Investigações emocionantes: capas, traduções e anos 1990
Como a pesquisa das capas pode ajudar no mapeamento do romance contemporâneo? A newsletter trata de iconografia, tradução e também do romance “Onde andará Dulce Veiga?”, de Caio Fernando Abreu.
Olá!
Esta é a segunda edição da newsletter do projeto Praça Clóvis — um mapeamento crítico da literatura brasileira contemporânea.
Na edição de hoje, vamos abordar a pesquisa iconográfica, isto é, a pesquisa de capas de romances brasileiros. Compartilharemos a experiência de Alice Sallas nesta investigação, que nos fornece pistas valiosas para compreender a trajetória de livros em diferentes momentos históricos.
E falando em investigação, vamos abordar um romance de 1990: Onde andará Dulce Veiga?, do gaúcho Caio Fernando Abreu, a partir de um texto crítico de Amanda Bruno de Mello. Vamos ainda trazer a relevância da tradução da literatura brasileira no exterior.
O projeto Praça Clóvis prevê a construção de um site com resenhas críticas de romances de 1970 aos dias de hoje. Como o site está em construção, esta newsletter conta um pouco de nossos bastidores.
Se você trabalha com livros, dá aulas ou gosta de ler, este projeto é feito para você.

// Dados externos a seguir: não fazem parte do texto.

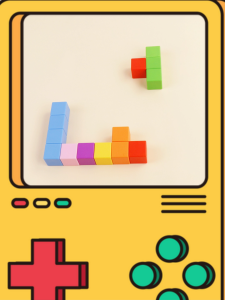 Romboss 32pcs 3.3cm Magnetic Block Magnet World Magnetic Building Blocks DIY Variety Cube Building Block Toys for 3+ Year Old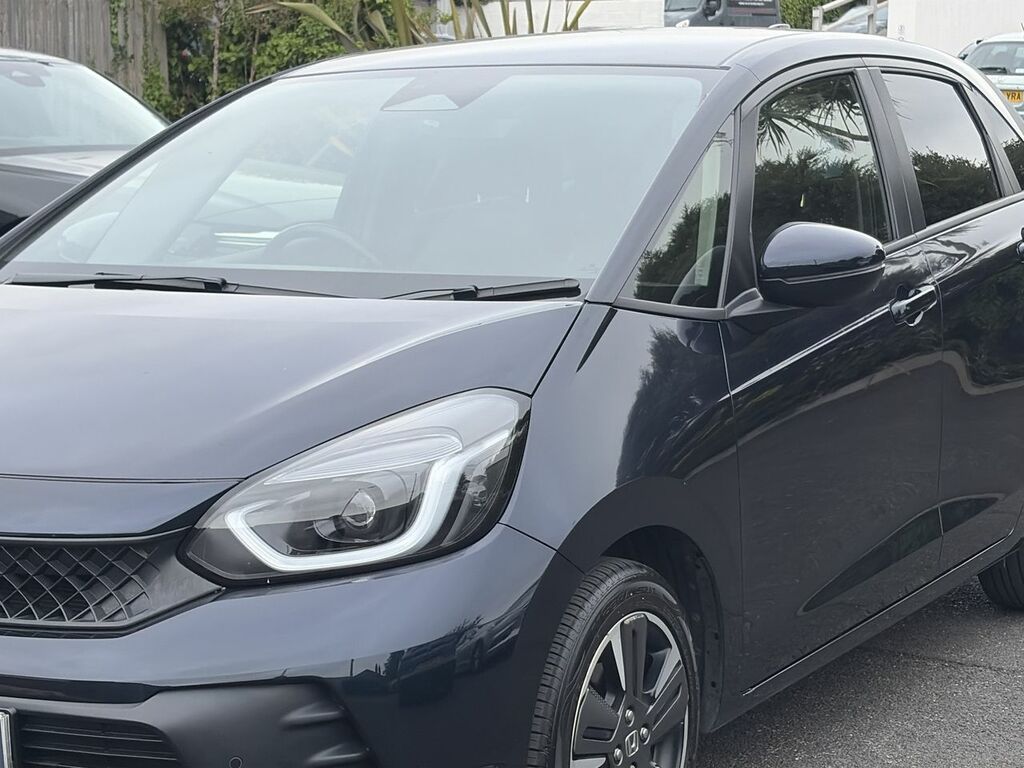 Honda Jazz 1.5 I-mmd 122Ps Advance Ecvt Black #37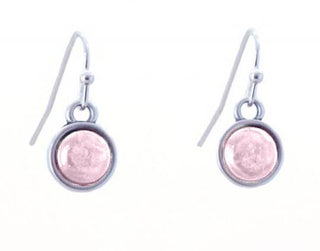 Koop pink Qoss Earring-Marie short various colors (2.2CM)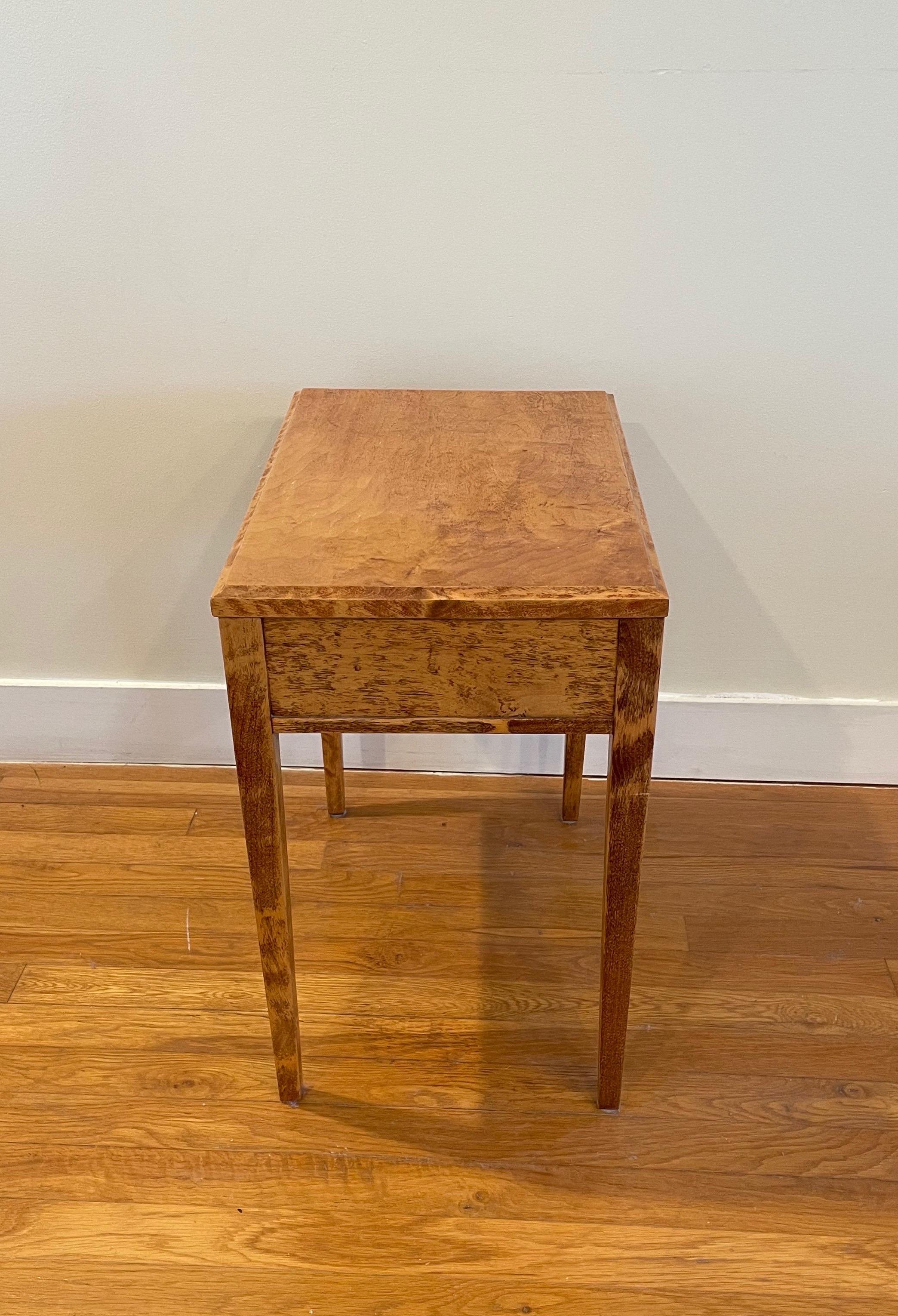 European Swedish Neoclassic Occasional Table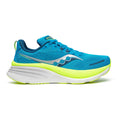 Hurricane 24 Stability running shoe Men - blue, lime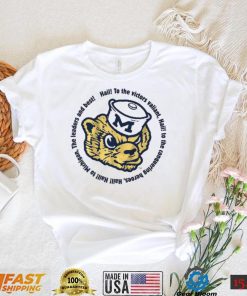 Michigan Football Hail To The Victors Lyrics Shirt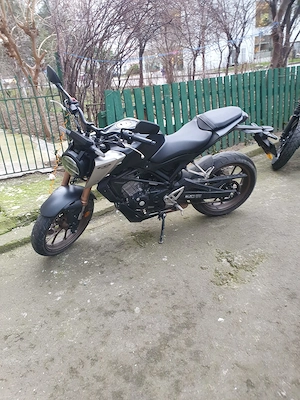  Honda CB125R Neo Sports Café (2021)   Revizii la zi, ITP & RCA ianuarie 2027 - imagine 5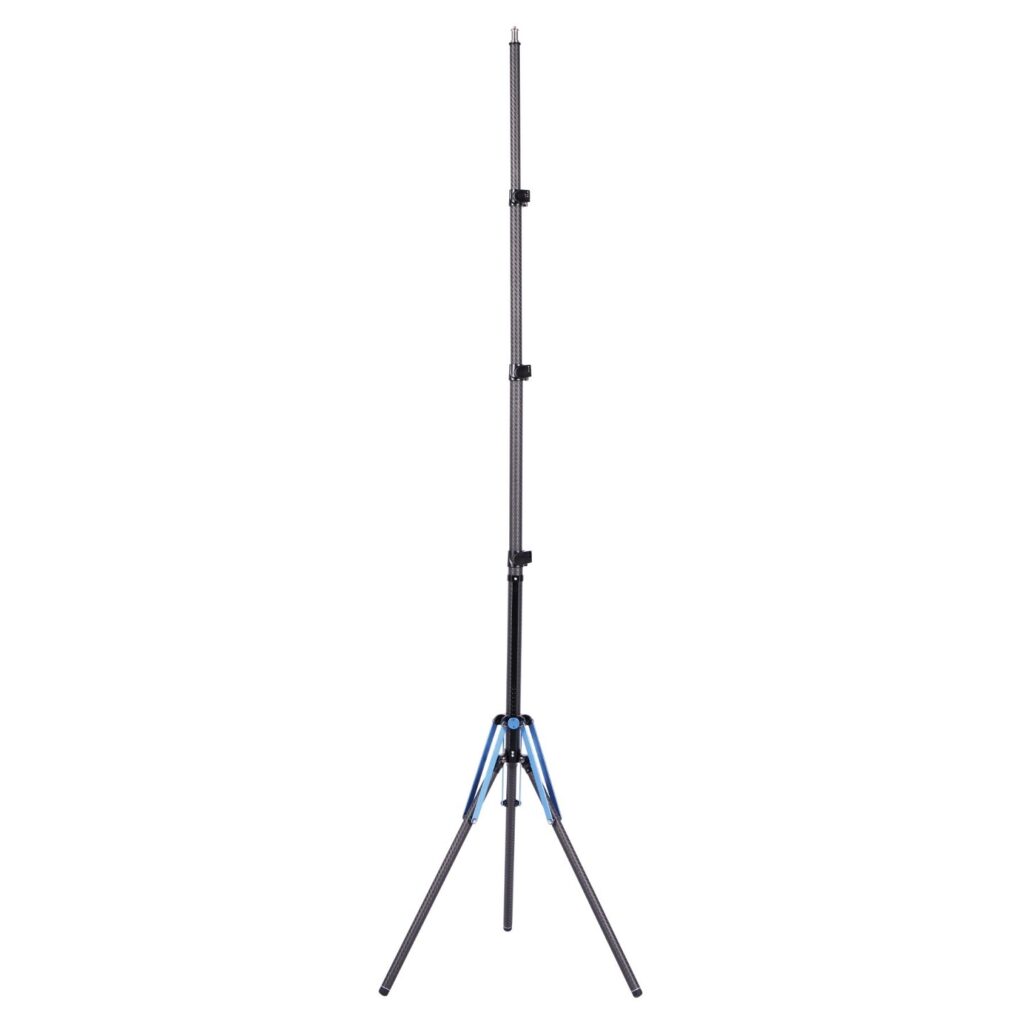 SIRUI DK18 STATIVO IN CARBONIO H MAX 1,80METRI H MIN 55CM AMMORTIZZATO AD ARIA 4 SEZIONI CARICO 5KG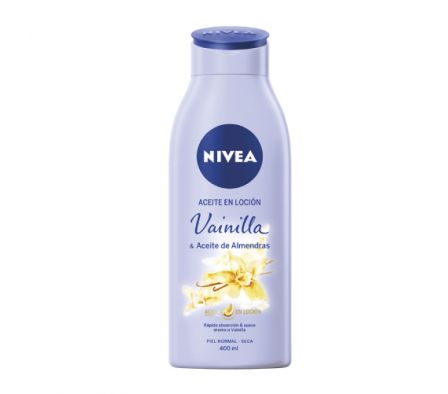 NIVEA BODY VAINILLA - COCO 400ML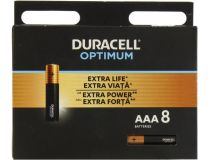Duracell OPTIMUM MX2400-8 Size AAA, 1.5V,щелочной (alkaline) уп. 8 шт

Agradecemos a sua leitura!
Iconografia: uma investigação minuciosa
Pesquisar capas de livros publicados há muitos anos não é uma tarefa simples. Nem sempre é fácil localizar quais foram as edições antigas. Ou ainda, as fotos estão ruins e sem definição.
A pesquisadora Alice Sallas conta para nós alguns detalhes sobre esse trabalho que fornece muitos dados sobre os romances resenhados.
"Trabalhar com a pesquisa iconográfica das obras selecionadas tem sido uma tarefa desafiadora e muito gratificante. O processo envolve uma combinação única de pesquisa profunda e habilidades técnicas. Cada livro possui características únicas, e é fundamental captar os elementos literários para criar um diálogo perfeito entre as capas e as ilustrações.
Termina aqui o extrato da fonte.